Some of them were of a long-standing nature and the Buddhist doctrine was the most beneficial and important to Lanka. The Buddhist states of northern Jambudhweepa had a special relationship with Lanka which exists even to this day. The tensions that arose in the late centuries were brought to compromising conclusions based on the common doctrine followed by both lands; King Elara’s rule although foreign in a sense, concluded with a respect for common bonds based on the doctrine. Even Dutugemunu respected Elara although vanquished by him when he united Lanka in the name of the doctrine. His famous exhortation, ‘This exercise of mine is not for enjoying the bliss of kingship but for the perpetuity of the Buddha Dharma in this hallowed land’, encapsulates the spirit that runs in the veins of Lanka’s existence. The doctrine united Lanka in all its facets and Lanka’s relations with Bharat went from strength to strength.

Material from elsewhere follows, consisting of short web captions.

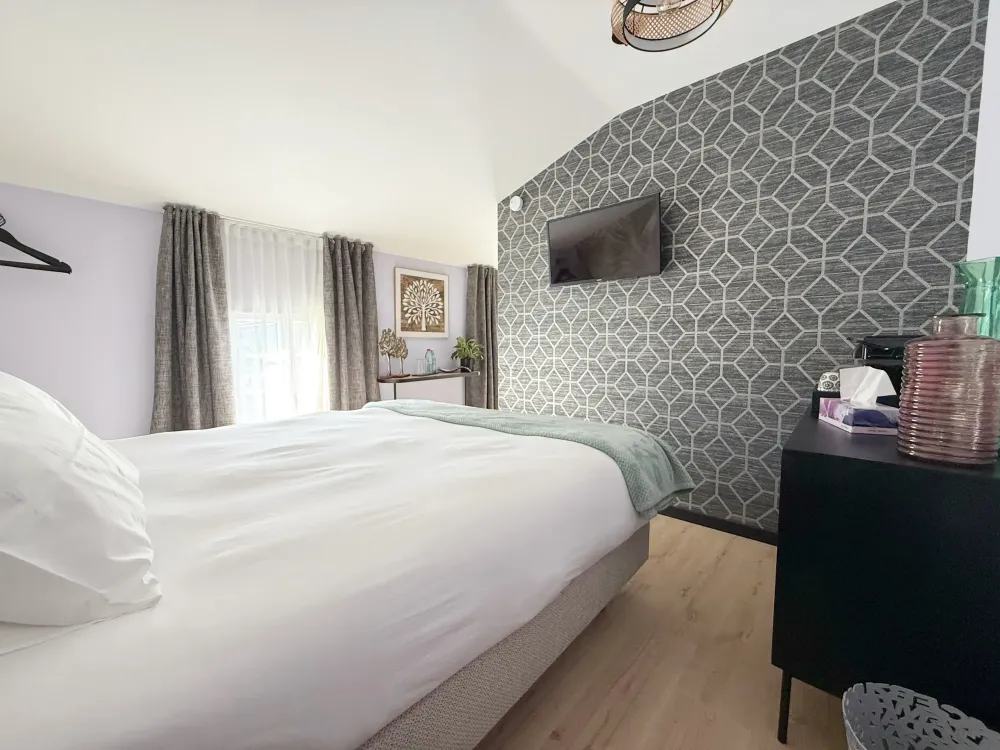 La chambre 4 télé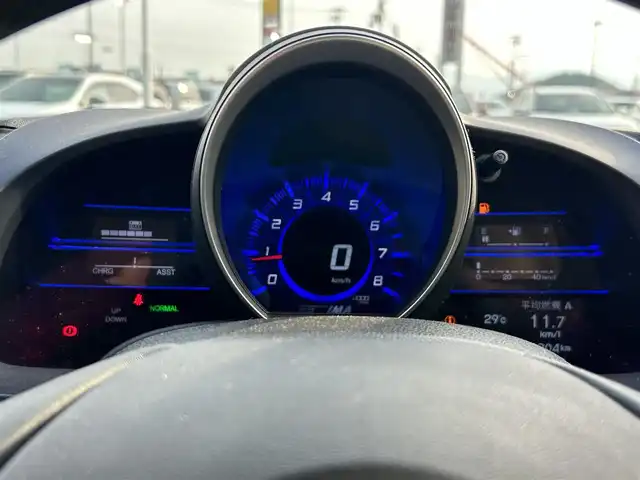 ホンダ ＣＲ－Ｚ α 奈良県 2011(平23)年 11.1万km プレミアムホワイトパール 純正ナビ/(AM/FM/HDD/iPod/USB/ワンセグTV）/バックカメラ/クルーズコントロール/ビルトインETC/オートライト/革巻きステアリング/ステアリングスイッチ/横滑り防止装置/電格ウインカーミラー/フロアマット
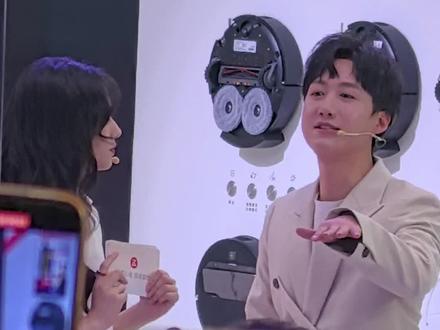 明天想看那些明星呢?在这里有留言,我帮你们去看#上海AWE2026 #AWE #洗地机 #杨幂 #董宇辉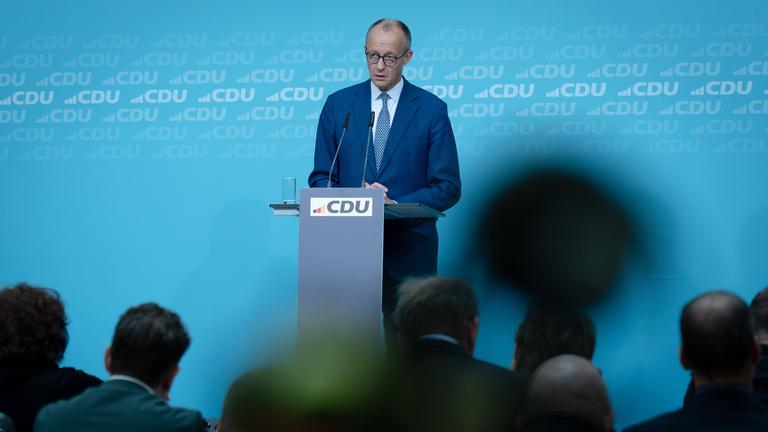 Bundeskanzler Friedrich Merz bei der Pressekonferenz in der CDU-Bundesgeschäftsstelle nach der Präsidiumsklausur am 20.10.2025 im Konrad-Adenauer-Haus in Berlin. 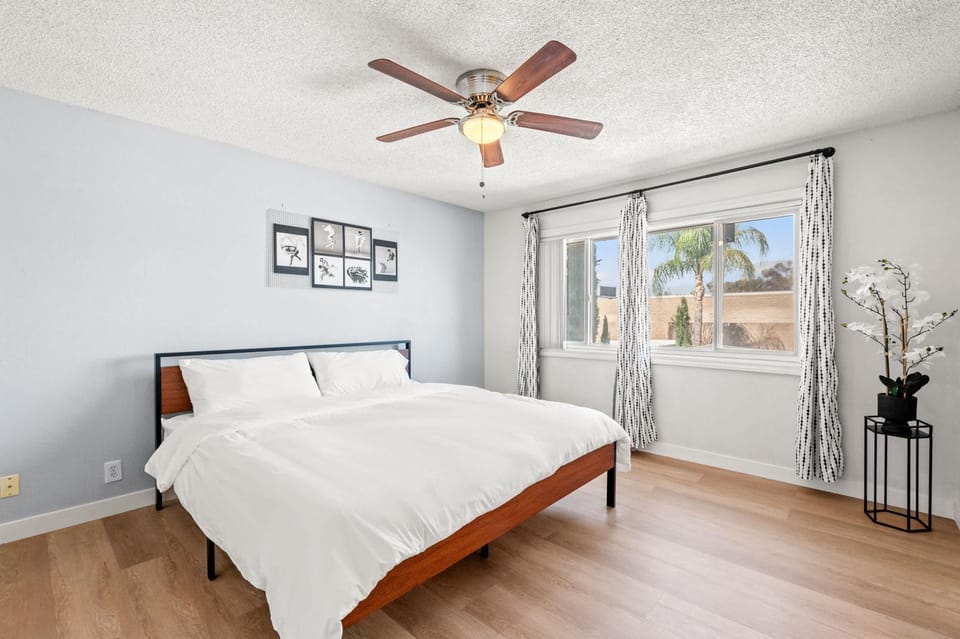 Spacious Family Retreat w Garden & Modern Comfort House in Chino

In later centuries the invasions from the Southern Indian States however led Lanka to shift the capital from Anuradhapura to Polonnaruwa, Dambadeniya, Yapahuwa, Kurunegala, in the Northern plains, and later to the hills, Gampola, Maha Nuwara and the South West to Kotte, Raigama and Sitawaka. The invasions from South India were from the Cholas, Cheras, Kerala and Tamil Nadu. This phenomenon was understandable as they were of a different cultural blend based on Dravidianism which also had a long history. Historians record that these invasions of Sena, Guththika and Magha were from the Kingdoms of South India. They had links it is believed to the Dravidian cultures of Mohenjo-daro and Harappa. Although shrouded in legend and mystery they descend from a culture different from the people of North India. What is relevant is that Bharat, Jambudhweepa or present India consists of varied racial stocks, predominantly Dravidian and Aryan. The latter settled in the north, and the former in the south. In different historical times, and these were independent kingdoms. They united through conquests or the uniformity of ethnic, religious or geographical proximity. Lanka had relations with these states and also the states of the North. The latter relationship was friendly based on commonality of the cultures and the former had strains due to issues or due to kings of Lanka being of the same ethnic stock of the North. The descendents of the South Indian kingdoms settled mainly in northern Lanka and the history of Sri Lanka talks of their moving settlements at different times. Lanka had to develop good-neighbourly relations with South India due to its proximity and the smallness of the Island with an ethnic group also related to South India. This vicissitudes of strains of links continue to the present day.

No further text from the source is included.